Evaluating the Capability of Large-scale Language Models on Chinese Grammatical Error Correction Task

Fanyi Qu,Yunfang Wu
2023-07-08
Abstract:Large-scale language models (LLMs) has shown remarkable capability in various of Natural Language Processing (NLP) tasks and attracted lots of attention recently. However, some studies indicated that large language models fail to achieve promising result beyond the state-of-the-art models in English grammatical error correction (GEC) tasks. In this report, we aim to explore the how large language models perform on Chinese grammatical error correction tasks and provide guidance for future work. We conduct experiments with 3 different LLMs of different model scale on 4 Chinese GEC dataset. Our experimental results indicate that the performances of LLMs on automatic evaluation metrics falls short of the previous sota models because of the problem of over-correction. Furthermore, we also discover notable variations in the performance of LLMs when evaluated on different data distributions.

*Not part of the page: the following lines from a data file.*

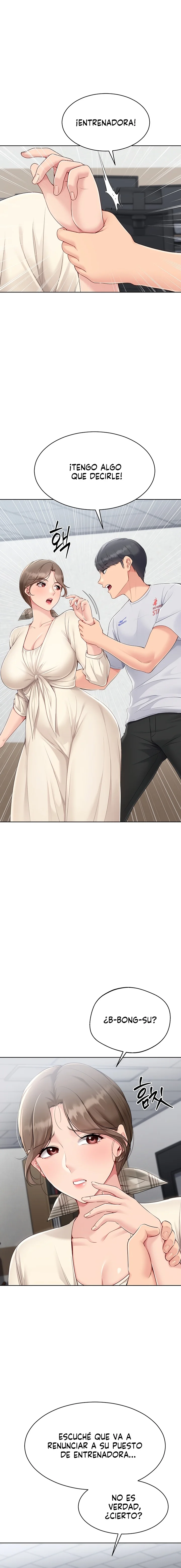 Configurando A Mi Equipo De Voley Bol Capítulo 53 - Página 12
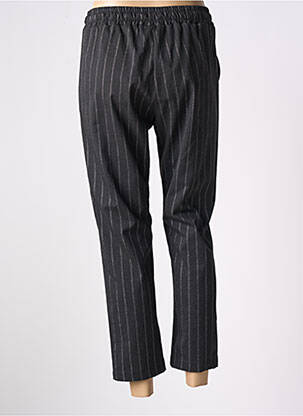 Pantalon 7/8 stretch taille normale argent BANDITAS FROM MARSEILLE femme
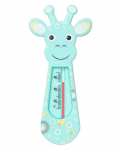 BabyOno plaukiojantis vonios termometras Giraffe, žalsvas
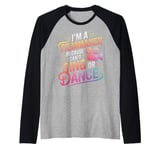 Filmmaker I'M A Filmmaker Because I Can'T Sing Or Dance Raglan Baseball Tee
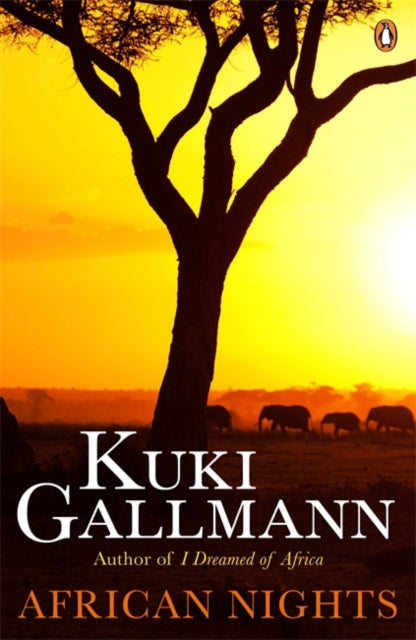 Book cover of: African Nights. By: Kuki Gallmann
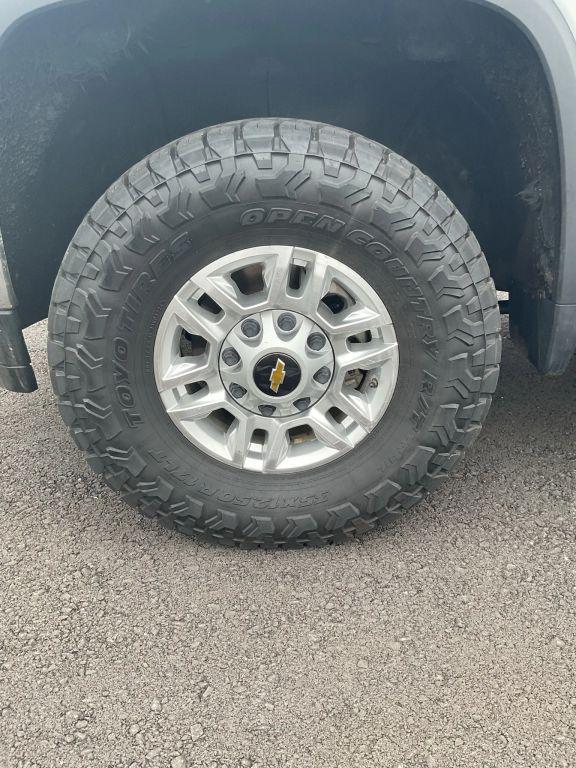 used 2022 Chevrolet Silverado 2500 car, priced at $35,999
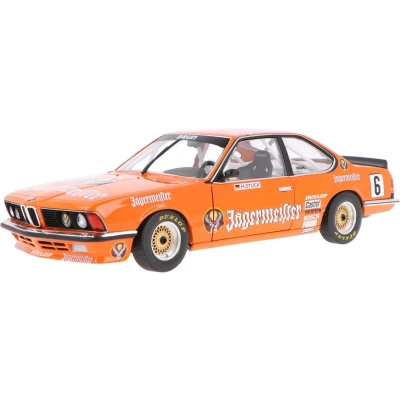 Afbeelding van Solido BMW 635 CSI (E24) orange #6 1:18 Auto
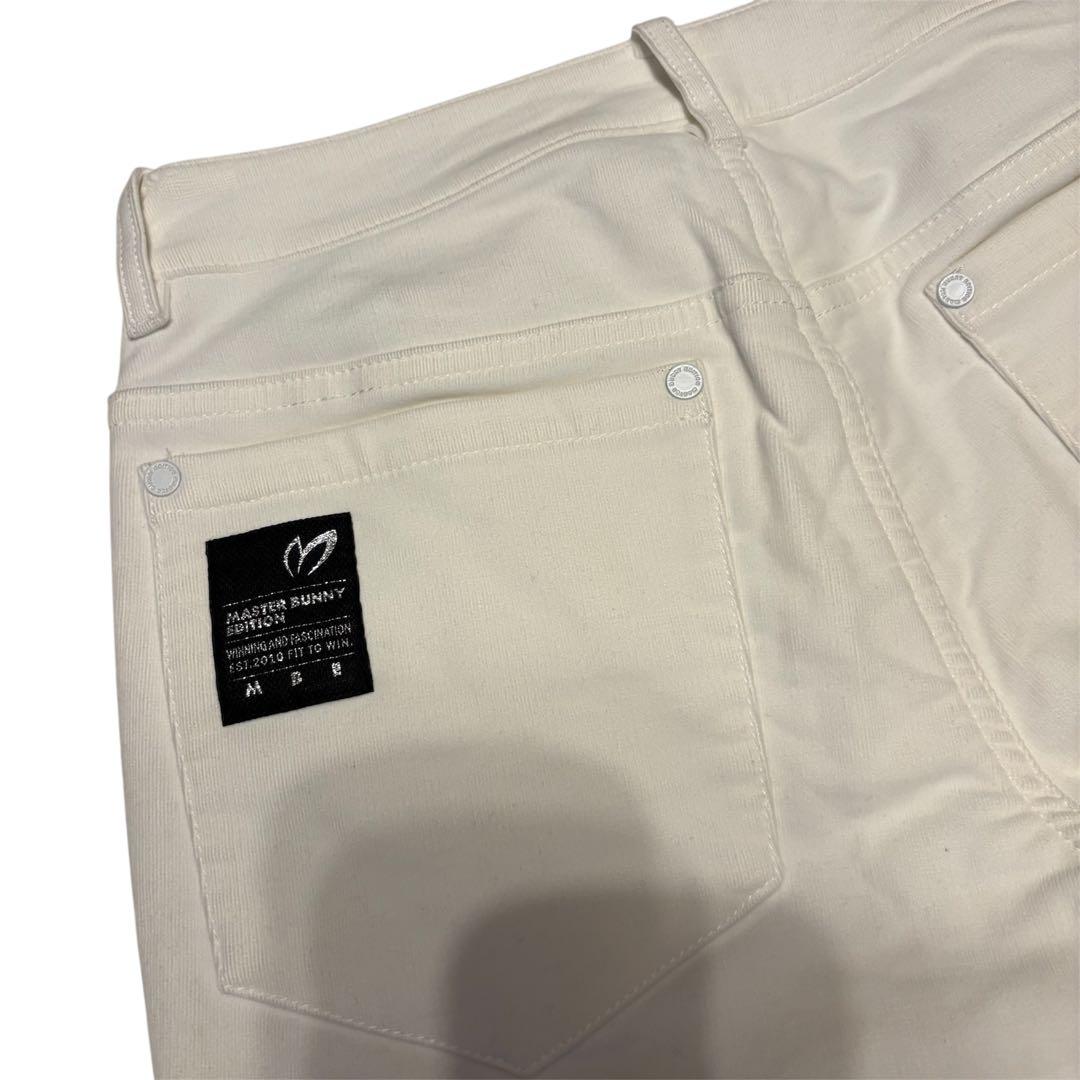 新品未使用 MASTER BUNNY マスターバニー レディース ゴルフ パンツ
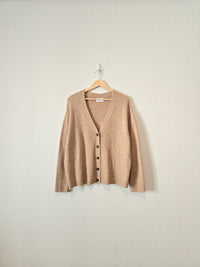 Neutral Slouchy Soft Cardigan (XL)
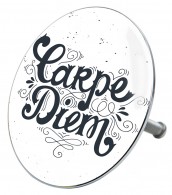 Badewannenstöpsel Carpe Diem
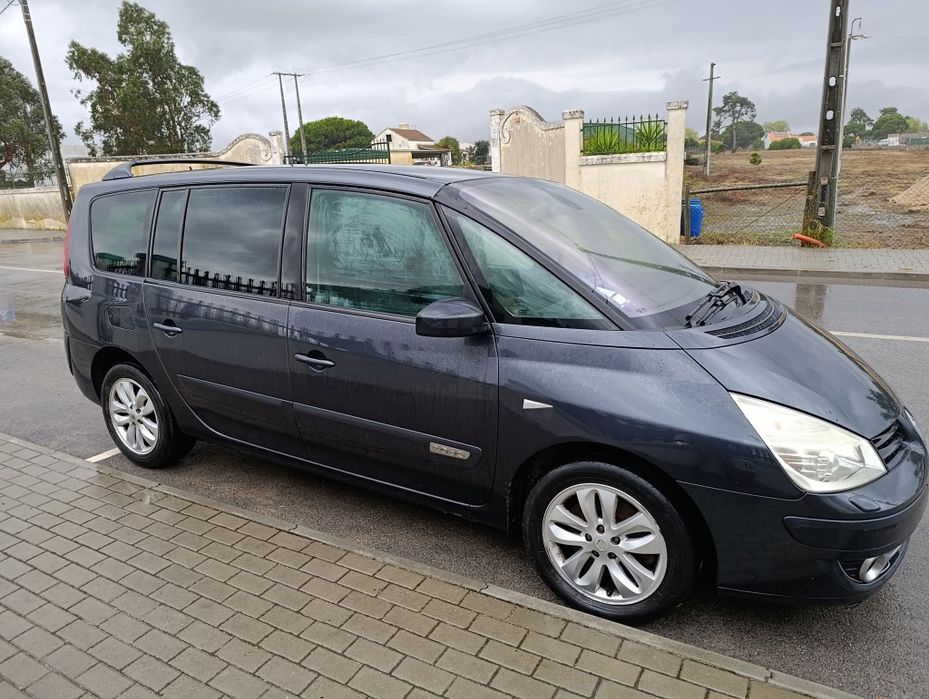 Vendo Renault Espace ou troco por Smart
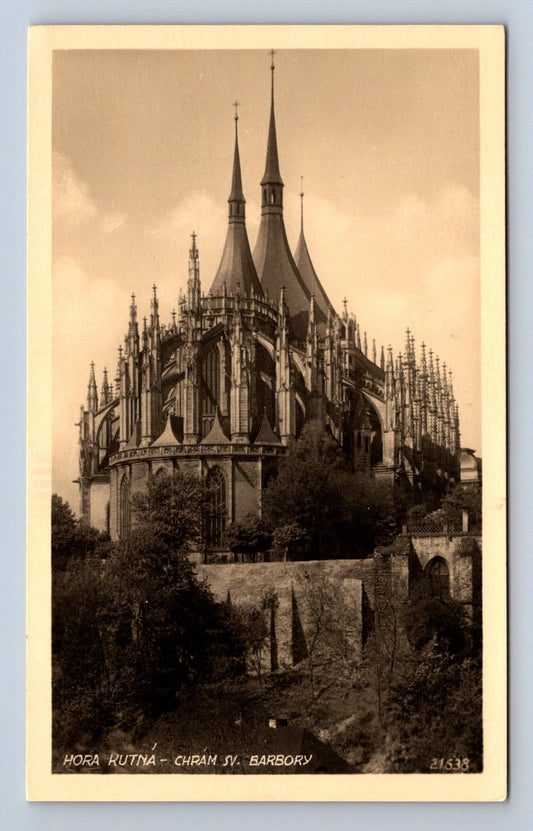 Pohlednice KUTNÁ HORA (ST1955)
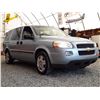 Image 8 : A12H --  2007 CHEVROLET UPLANDER LS, Blue, 171246 KM  "NO RESERVE"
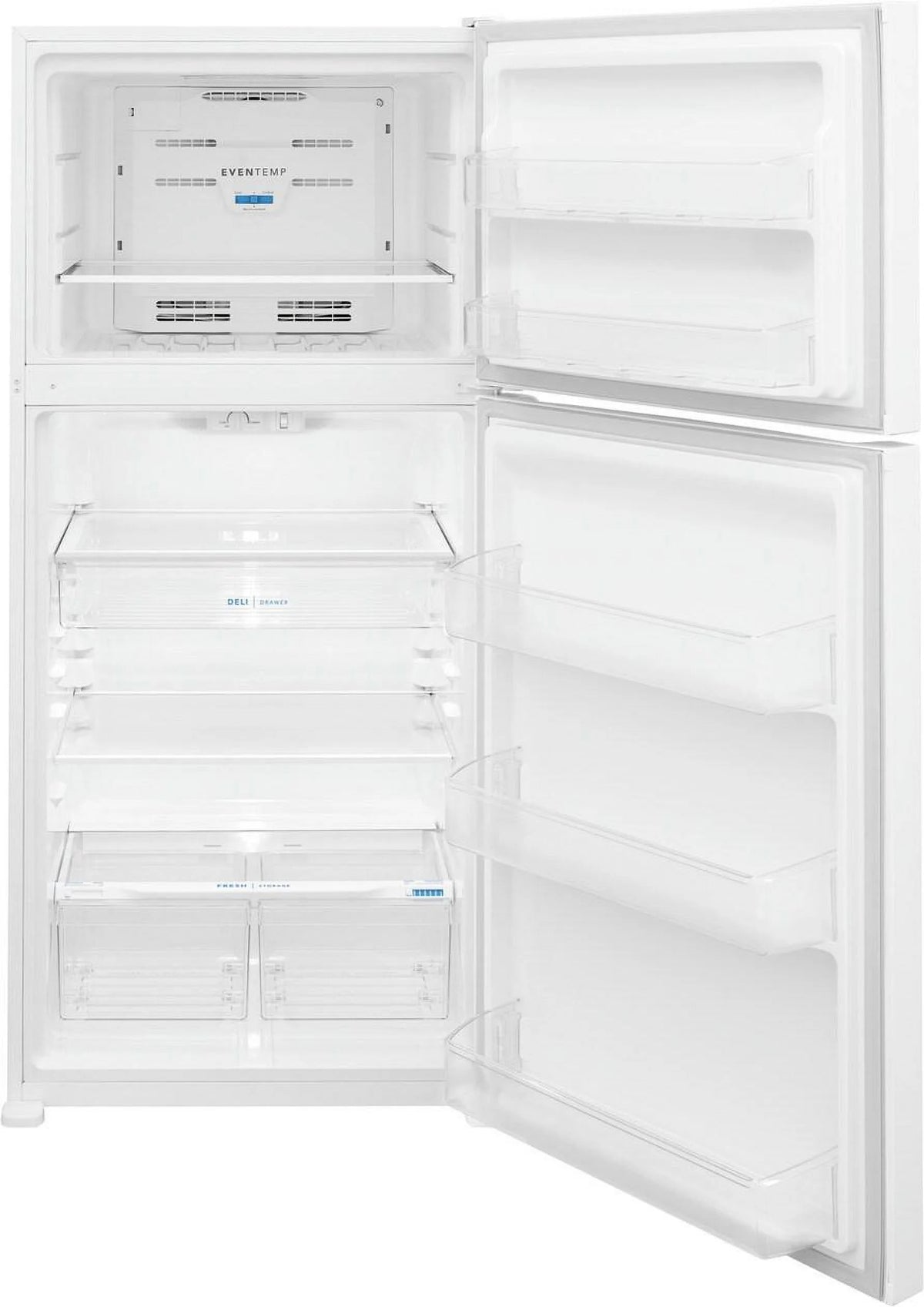 Frigidaire Top Freezer Refrigerator, White, 20.0 cu ft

Our findings demonstrates that further investigation is required for the application of LLMs on Chinese GEC task.
Computation and Language
What problem does this paper attempt to address?
This paper aims to explore the performance of large - scale language models (LLMs) on the Chinese grammar error correction task (Chinese GEC task) and provide guidance for future research. Specifically, the author experimentally analyzed the performance of LLMs of different scales on four Chinese GEC datasets, evaluated the performance of these models on automatic evaluation metrics (such as F0.5 score), and found the following main problems: 1. **Over - correction problem**: The performance of LLMs in the Chinese GEC task is not as good as the existing state - of - the - art models. The main reason is that LLMs tend to make unnecessary modifications to make the input sentences more fluent, which may lead to over - correction problems and sometimes even change the original semantics of the input sentences. 2. **Influence of data distribution**: There are significant differences in the performance of LLMs on different data distributions. For example, on the datasets of Chinese learners, the performance of LLMs is significantly better than that on the datasets of native - speaker exams. This is because the grammar errors of Chinese learners are mainly concentrated on the misuse of similar words or phrases, while the errors in the native - speaker exam datasets are more complex and involve more structural errors. 3. **Influence of model scale**: There are also differences in the performance of LLMs of different scales. The experimental results show that ChatGPT has a significant improvement in recall, while its precision is comparable to that of other smaller models. This indicates that models of different scales have large differences in error - detection capabilities. In summary, the problems that this paper attempts to solve are: What is the actual performance of large - scale language models in the Chinese grammar error correction task? Are there specific problems that need further research and improvement?